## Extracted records
========================

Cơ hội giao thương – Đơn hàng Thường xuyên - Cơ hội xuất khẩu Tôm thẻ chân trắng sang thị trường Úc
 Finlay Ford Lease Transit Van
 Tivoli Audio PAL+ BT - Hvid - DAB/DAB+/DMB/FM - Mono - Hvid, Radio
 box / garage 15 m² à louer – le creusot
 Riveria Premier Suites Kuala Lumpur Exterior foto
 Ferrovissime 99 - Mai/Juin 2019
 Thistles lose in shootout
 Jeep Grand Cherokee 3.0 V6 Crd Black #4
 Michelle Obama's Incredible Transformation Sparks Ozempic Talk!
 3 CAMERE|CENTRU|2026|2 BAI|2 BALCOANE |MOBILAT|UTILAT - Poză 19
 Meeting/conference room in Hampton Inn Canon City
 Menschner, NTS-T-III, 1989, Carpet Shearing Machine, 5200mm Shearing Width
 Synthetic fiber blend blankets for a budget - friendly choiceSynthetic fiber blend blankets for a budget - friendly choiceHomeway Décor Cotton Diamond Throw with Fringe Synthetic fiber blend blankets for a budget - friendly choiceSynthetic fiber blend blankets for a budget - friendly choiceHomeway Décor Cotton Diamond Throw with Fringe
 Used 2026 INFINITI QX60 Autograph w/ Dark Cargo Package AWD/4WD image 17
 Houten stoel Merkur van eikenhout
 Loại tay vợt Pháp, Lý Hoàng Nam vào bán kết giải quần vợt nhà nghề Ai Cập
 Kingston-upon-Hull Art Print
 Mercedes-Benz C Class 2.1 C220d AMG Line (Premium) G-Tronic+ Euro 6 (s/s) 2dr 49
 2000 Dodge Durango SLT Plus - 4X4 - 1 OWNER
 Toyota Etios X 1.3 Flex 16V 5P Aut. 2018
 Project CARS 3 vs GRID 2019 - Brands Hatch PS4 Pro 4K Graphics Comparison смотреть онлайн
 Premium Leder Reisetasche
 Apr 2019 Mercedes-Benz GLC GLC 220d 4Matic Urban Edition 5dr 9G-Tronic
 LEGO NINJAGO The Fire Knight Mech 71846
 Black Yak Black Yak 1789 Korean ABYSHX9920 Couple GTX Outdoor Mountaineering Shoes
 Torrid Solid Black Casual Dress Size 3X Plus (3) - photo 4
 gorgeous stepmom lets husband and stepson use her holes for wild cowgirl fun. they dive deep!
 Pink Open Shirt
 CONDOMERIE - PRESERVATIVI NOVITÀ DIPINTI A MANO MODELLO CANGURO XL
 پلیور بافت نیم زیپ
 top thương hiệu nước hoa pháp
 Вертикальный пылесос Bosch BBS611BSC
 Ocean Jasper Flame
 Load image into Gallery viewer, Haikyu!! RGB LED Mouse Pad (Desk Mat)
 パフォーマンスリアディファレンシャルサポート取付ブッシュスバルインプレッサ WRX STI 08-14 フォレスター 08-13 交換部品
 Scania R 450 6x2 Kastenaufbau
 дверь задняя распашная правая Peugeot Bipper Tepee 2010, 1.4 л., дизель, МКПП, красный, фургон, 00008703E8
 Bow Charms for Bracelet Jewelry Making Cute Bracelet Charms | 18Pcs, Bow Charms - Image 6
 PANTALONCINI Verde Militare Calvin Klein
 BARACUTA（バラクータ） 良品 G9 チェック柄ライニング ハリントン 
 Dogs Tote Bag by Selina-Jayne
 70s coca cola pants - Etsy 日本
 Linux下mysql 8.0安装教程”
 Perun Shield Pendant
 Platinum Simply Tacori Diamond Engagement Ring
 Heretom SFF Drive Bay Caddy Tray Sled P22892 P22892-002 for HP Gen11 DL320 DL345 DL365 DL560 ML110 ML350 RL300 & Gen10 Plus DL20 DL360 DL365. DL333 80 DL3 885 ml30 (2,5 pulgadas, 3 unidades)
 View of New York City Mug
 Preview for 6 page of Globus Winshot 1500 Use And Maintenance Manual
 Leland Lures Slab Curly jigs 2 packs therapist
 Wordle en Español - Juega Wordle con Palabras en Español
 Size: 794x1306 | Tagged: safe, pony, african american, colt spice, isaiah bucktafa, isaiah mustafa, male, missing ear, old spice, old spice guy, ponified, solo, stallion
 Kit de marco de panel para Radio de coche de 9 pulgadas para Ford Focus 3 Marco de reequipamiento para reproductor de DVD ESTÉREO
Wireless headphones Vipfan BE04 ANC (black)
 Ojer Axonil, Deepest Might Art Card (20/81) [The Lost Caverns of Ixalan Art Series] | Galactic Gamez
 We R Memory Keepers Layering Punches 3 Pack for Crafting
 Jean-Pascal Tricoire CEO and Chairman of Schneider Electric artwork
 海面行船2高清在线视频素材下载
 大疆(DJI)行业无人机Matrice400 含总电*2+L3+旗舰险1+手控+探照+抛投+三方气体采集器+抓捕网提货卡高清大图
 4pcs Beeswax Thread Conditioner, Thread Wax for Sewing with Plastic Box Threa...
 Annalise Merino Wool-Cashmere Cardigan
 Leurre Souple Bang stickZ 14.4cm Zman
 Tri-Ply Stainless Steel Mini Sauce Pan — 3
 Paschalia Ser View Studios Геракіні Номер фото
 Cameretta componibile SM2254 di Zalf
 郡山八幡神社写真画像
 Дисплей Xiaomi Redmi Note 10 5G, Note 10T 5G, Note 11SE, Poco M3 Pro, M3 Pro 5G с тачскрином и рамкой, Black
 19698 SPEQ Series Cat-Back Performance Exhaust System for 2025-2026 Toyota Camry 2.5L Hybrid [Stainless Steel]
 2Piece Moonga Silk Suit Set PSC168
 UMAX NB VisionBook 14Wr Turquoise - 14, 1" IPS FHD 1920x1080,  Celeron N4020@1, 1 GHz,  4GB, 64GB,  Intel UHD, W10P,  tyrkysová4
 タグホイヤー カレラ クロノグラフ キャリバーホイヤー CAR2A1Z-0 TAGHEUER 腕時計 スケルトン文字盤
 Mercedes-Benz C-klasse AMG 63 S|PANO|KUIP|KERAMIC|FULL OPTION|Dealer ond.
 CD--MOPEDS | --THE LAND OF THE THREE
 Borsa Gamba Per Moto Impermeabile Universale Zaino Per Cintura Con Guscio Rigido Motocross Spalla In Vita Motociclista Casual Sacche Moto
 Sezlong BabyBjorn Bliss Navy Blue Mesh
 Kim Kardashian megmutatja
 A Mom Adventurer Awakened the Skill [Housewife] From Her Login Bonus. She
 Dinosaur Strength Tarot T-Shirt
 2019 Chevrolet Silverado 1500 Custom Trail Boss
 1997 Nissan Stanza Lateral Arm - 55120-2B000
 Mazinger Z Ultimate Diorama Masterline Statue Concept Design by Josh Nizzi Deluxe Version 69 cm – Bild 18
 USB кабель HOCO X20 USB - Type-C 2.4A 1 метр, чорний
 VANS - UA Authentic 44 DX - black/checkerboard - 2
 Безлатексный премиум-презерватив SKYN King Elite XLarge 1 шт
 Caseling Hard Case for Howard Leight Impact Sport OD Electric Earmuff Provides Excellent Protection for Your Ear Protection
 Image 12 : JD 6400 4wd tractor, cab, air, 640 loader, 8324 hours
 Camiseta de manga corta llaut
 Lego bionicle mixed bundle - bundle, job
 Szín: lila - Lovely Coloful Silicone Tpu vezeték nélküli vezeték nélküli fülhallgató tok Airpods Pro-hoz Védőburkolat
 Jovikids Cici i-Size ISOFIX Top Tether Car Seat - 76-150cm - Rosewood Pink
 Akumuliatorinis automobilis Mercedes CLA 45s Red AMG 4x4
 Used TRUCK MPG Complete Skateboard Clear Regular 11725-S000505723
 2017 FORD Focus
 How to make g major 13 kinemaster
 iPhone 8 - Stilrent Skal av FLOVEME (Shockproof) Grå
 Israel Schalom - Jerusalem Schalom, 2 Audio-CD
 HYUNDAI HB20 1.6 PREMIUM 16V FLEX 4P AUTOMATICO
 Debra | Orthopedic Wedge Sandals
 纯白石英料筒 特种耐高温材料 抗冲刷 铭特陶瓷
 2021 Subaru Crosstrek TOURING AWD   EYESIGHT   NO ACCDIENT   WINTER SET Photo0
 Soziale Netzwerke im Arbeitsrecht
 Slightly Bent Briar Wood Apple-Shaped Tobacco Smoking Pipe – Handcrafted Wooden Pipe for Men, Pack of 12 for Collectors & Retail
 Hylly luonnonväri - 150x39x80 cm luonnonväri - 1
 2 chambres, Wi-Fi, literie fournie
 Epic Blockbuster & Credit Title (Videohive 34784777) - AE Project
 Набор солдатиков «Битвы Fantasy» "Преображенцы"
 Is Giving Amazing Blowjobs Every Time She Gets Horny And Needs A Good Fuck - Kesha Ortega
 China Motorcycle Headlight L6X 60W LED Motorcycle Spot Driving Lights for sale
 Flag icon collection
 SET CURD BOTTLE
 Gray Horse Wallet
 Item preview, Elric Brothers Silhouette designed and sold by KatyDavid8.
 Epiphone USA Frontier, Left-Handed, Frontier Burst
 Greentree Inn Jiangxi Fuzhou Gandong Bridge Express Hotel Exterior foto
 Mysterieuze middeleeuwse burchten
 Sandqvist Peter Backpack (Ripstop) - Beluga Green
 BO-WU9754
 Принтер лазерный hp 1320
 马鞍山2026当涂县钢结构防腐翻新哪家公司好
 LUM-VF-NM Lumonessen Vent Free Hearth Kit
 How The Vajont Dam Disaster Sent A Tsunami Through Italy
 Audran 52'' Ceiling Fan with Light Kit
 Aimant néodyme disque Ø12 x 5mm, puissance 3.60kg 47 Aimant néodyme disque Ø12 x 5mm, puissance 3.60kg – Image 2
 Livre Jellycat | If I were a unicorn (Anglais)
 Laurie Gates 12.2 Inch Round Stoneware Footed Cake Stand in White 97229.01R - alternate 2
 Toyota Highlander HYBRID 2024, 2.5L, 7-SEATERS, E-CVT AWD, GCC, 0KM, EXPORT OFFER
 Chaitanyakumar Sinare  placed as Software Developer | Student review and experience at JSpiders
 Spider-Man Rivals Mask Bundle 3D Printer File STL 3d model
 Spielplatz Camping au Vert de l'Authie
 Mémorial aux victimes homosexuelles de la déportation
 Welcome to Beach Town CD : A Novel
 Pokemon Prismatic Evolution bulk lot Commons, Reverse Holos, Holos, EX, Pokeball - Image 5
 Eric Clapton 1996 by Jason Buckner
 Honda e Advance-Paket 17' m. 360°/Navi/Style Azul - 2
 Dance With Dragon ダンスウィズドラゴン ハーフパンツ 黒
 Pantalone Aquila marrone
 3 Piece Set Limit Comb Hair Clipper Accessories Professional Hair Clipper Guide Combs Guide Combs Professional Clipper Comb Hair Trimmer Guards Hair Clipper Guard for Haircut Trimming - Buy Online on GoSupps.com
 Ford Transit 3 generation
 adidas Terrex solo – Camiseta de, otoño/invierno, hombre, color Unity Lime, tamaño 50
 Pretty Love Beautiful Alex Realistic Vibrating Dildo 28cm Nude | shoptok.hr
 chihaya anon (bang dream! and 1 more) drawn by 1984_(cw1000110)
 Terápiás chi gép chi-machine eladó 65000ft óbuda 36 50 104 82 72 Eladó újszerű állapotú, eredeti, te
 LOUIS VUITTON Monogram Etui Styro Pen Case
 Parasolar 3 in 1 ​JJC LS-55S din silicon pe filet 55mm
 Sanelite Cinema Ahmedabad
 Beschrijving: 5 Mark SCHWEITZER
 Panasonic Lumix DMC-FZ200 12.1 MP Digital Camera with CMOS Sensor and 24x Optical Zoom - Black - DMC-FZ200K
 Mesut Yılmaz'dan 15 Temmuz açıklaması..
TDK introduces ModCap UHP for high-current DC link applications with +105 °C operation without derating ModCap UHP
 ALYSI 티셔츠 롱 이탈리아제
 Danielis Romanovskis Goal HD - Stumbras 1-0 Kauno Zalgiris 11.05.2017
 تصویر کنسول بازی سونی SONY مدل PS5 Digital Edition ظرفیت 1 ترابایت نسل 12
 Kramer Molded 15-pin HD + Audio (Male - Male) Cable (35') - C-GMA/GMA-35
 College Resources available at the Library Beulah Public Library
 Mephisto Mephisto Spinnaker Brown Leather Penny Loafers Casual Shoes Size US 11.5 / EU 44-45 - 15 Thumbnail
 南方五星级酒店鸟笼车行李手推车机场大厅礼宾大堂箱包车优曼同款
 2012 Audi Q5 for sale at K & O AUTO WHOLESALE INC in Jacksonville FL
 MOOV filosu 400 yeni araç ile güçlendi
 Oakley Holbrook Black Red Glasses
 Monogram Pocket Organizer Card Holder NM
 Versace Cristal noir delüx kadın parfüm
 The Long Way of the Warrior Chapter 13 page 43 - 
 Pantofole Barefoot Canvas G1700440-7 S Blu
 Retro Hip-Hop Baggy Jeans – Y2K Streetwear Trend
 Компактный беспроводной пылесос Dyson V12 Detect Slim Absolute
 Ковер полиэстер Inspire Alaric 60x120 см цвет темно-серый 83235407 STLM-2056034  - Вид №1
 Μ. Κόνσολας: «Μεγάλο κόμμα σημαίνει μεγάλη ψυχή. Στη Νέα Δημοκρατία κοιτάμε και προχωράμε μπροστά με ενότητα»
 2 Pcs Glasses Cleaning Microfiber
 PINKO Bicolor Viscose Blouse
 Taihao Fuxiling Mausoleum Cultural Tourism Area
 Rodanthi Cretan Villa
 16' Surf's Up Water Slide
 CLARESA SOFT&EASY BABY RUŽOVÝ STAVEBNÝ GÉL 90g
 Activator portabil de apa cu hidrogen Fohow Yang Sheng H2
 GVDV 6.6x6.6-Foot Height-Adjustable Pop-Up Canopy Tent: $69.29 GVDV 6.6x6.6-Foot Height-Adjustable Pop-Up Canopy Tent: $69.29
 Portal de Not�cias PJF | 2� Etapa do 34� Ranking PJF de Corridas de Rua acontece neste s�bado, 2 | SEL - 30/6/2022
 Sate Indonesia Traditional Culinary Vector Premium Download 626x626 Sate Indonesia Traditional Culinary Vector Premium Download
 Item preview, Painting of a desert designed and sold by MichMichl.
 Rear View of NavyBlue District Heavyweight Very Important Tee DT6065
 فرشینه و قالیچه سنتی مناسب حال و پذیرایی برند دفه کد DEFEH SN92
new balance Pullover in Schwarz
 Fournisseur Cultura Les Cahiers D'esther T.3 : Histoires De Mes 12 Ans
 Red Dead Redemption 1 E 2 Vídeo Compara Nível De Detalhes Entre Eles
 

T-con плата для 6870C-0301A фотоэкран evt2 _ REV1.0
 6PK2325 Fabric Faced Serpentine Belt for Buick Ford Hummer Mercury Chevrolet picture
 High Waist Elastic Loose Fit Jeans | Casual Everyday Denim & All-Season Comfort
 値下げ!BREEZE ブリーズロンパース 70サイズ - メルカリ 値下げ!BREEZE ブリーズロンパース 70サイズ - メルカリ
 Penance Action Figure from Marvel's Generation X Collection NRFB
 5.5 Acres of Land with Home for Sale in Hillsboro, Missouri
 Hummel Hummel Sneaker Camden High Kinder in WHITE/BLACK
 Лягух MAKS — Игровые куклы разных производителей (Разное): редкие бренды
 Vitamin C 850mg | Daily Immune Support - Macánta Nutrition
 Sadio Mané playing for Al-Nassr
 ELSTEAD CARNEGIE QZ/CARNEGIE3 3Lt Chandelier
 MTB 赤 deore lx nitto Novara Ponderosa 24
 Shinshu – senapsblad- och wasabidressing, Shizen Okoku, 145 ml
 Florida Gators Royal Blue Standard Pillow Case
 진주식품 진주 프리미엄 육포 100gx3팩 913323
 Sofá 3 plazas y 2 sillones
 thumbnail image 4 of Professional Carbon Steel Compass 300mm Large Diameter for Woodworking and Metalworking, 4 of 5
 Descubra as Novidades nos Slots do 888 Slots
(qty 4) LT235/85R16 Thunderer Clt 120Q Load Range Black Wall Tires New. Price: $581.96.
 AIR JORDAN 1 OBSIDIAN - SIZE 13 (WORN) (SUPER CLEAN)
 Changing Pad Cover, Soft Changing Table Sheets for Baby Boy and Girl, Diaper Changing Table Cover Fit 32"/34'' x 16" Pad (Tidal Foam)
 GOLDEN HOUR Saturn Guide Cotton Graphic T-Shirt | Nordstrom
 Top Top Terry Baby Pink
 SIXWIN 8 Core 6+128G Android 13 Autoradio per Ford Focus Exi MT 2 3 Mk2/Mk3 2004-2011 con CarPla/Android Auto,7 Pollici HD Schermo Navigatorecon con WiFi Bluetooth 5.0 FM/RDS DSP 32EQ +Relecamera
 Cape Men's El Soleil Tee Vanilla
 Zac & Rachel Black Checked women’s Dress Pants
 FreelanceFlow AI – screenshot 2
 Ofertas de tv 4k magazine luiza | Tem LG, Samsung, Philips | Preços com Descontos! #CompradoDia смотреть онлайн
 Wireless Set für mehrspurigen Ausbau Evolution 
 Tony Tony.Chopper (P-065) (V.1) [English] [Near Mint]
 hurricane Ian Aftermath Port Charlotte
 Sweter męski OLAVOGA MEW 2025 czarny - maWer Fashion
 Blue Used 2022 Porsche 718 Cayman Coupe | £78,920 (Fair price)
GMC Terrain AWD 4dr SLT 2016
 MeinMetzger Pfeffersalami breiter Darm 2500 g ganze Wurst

========================

## Aim of the task
Take exactly the lines from the one containing "Epic Blockbuster &" through the one containing "Spielplatz Camping au Vert de l'Authie" in the data above, and output them with nothing added.

## Exercise answer
 Epic Blockbuster & Credit Title (Videohive 34784777) - AE Project
 Набор солдатиков «Битвы Fantasy» "Преображенцы"
 Is Giving Amazing Blowjobs Every Time She Gets Horny And Needs A Good Fuck - Kesha Ortega
 China Motorcycle Headlight L6X 60W LED Motorcycle Spot Driving Lights for sale
 Flag icon collection
 SET CURD BOTTLE
 Gray Horse Wallet
 Item preview, Elric Brothers Silhouette designed and sold by KatyDavid8.
 Epiphone USA Frontier, Left-Handed, Frontier Burst
 Greentree Inn Jiangxi Fuzhou Gandong Bridge Express Hotel Exterior foto
 Mysterieuze middeleeuwse burchten
 Sandqvist Peter Backpack (Ripstop) - Beluga Green
 BO-WU9754
 Принтер лазерный hp 1320
 马鞍山2026当涂县钢结构防腐翻新哪家公司好
 LUM-VF-NM Lumonessen Vent Free Hearth Kit
 How The Vajont Dam Disaster Sent A Tsunami Through Italy
 Audran 52'' Ceiling Fan with Light Kit
 Aimant néodyme disque Ø12 x 5mm, puissance 3.60kg 47 Aimant néodyme disque Ø12 x 5mm, puissance 3.60kg – Image 2
 Livre Jellycat | If I were a unicorn (Anglais)
 Laurie Gates 12.2 Inch Round Stoneware Footed Cake Stand in White 97229.01R - alternate 2
 Toyota Highlander HYBRID 2024, 2.5L, 7-SEATERS, E-CVT AWD, GCC, 0KM, EXPORT OFFER
 Chaitanyakumar Sinare  placed as Software Developer | Student review and experience at JSpiders
 Spider-Man Rivals Mask Bundle 3D Printer File STL 3d model
 Spielplatz Camping au Vert de l'Authie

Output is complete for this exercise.